Australians Rack Up Credit Card Debt at 18%-24% Rates as Living Costs Squeeze Paychecks
Updated
Updated · thetimes.com.au · Jun 4
Australians Rack Up Credit Card Debt at 18%-24% Rates as Living Costs Squeeze Paychecks
2 articles · Updated · thetimes.com.au · Jun 4
Summary
Australian households are increasingly putting groceries, fuel, utilities and school costs on credit cards, pushing the country toward one of its biggest nominal card-debt burdens on record.

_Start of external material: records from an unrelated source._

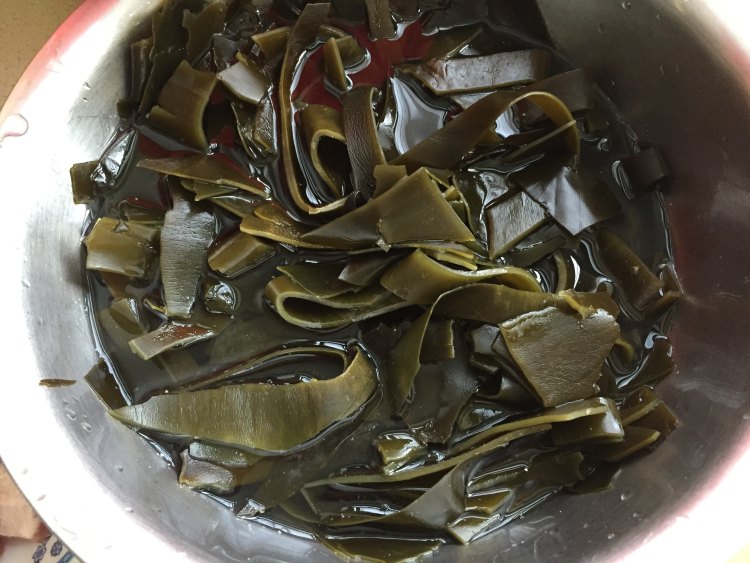 海带烧豆腐皮步骤1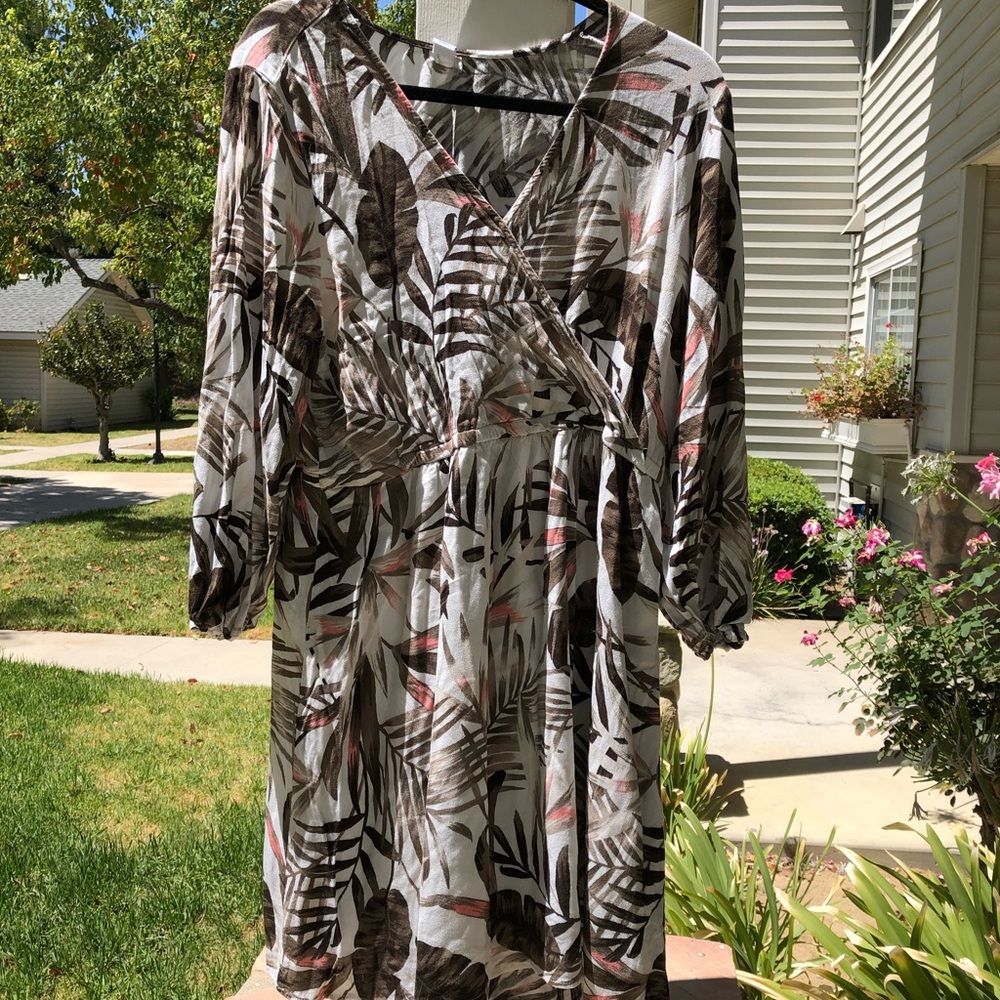 Old Navy tropical vibes dress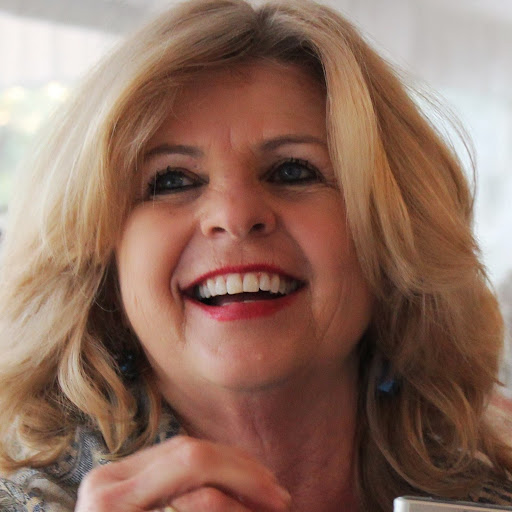 Lynne Leonard Photo 14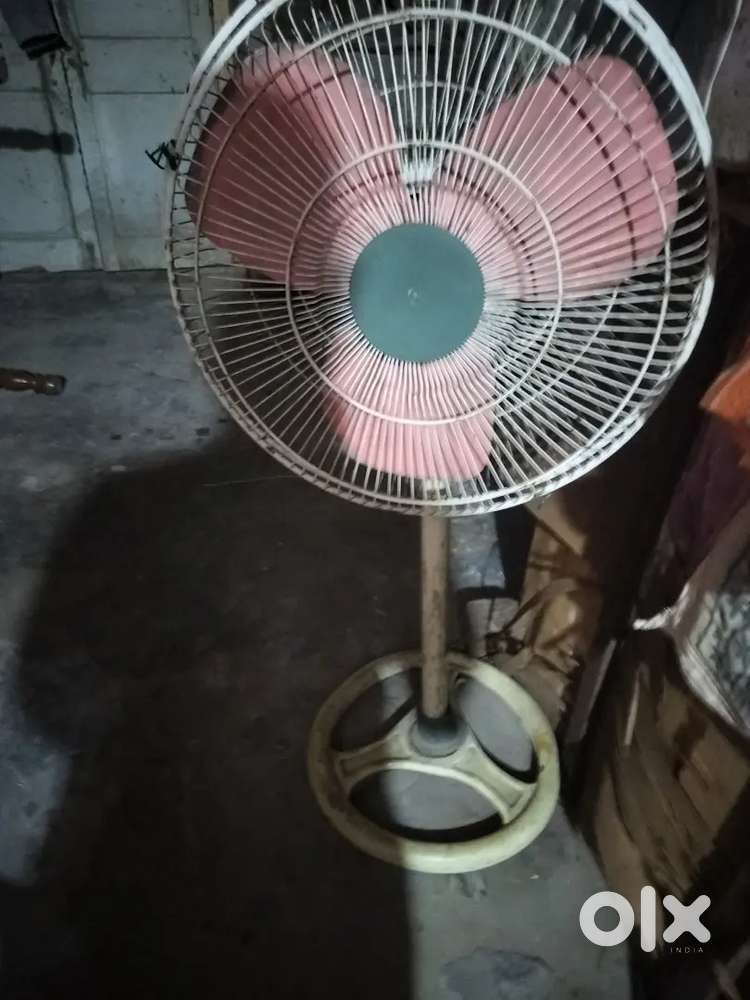 Pedestal   fan standing For.selleing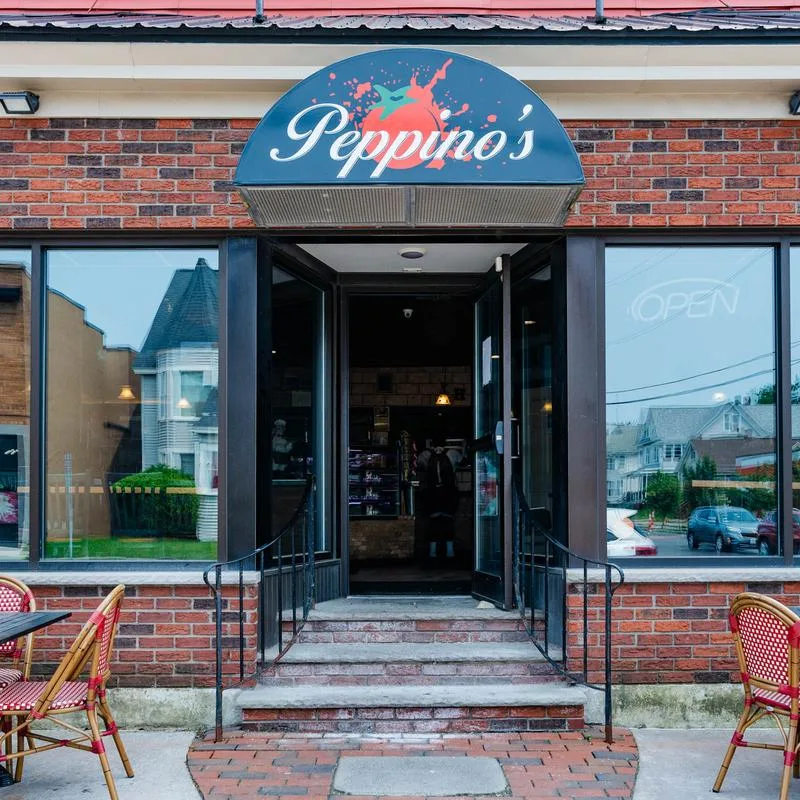 Peppino's Restaurant & Catering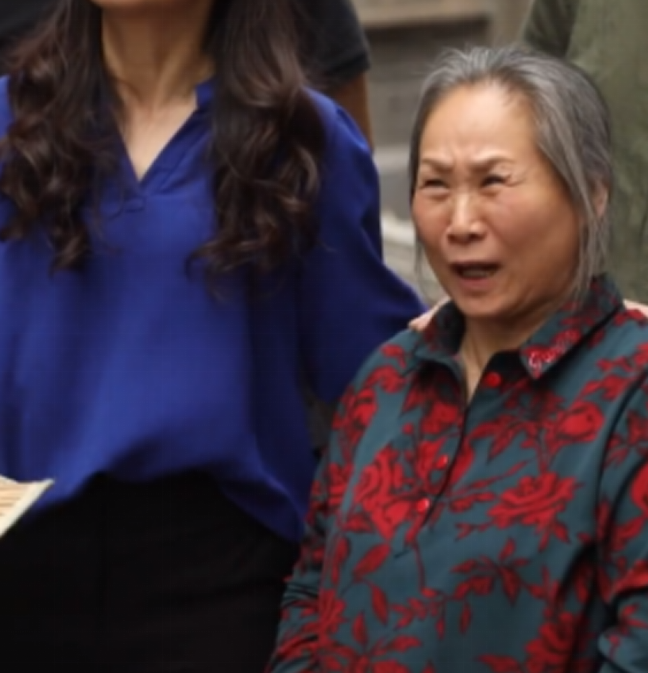 在这场戏中,苇青需要自己拿着一瓶矿泉水直接往头上浇,水花四下山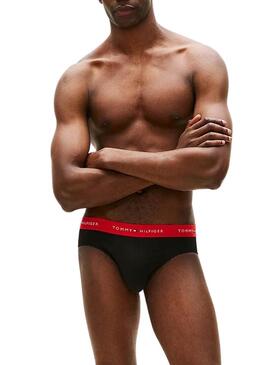 Pacote com 3 cuecas Tommy Hilfiger slip pretas para homens.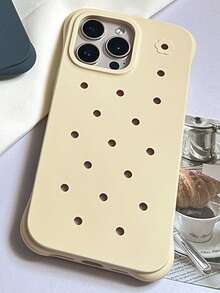 1 件硅胶全覆盖防水手机壳，7 件创意 DIY 纸杯蛋糕、冰淇淋、鞋花装饰配件，透气凸起设计防摔独特，孔位随手机型号不同而变化，包含 7 个配件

Rates of 18% to 24% on many cards are turning short-term cash-flow gaps into entrenched debt, with minimum repayments often barely cutting balances once interest, fees and missed-payment penalties accumulate.
Financial counsellors report families using multiple cards, balance transfers and buy-now-pay-later accounts at once, while younger Australians enter debt earlier and retirees use cards to supplement fixed incomes.
The strain is falling hardest on lower- and middle-income earners, while wealthier households typically clear balances monthly and rely on savings buffers, offset accounts and cheaper borrowing options.
The rise in unsecured debt points to broader household stress beyond mortgages, as higher food, housing, insurance, electricity and fuel costs leave many full-time workers struggling between paydays.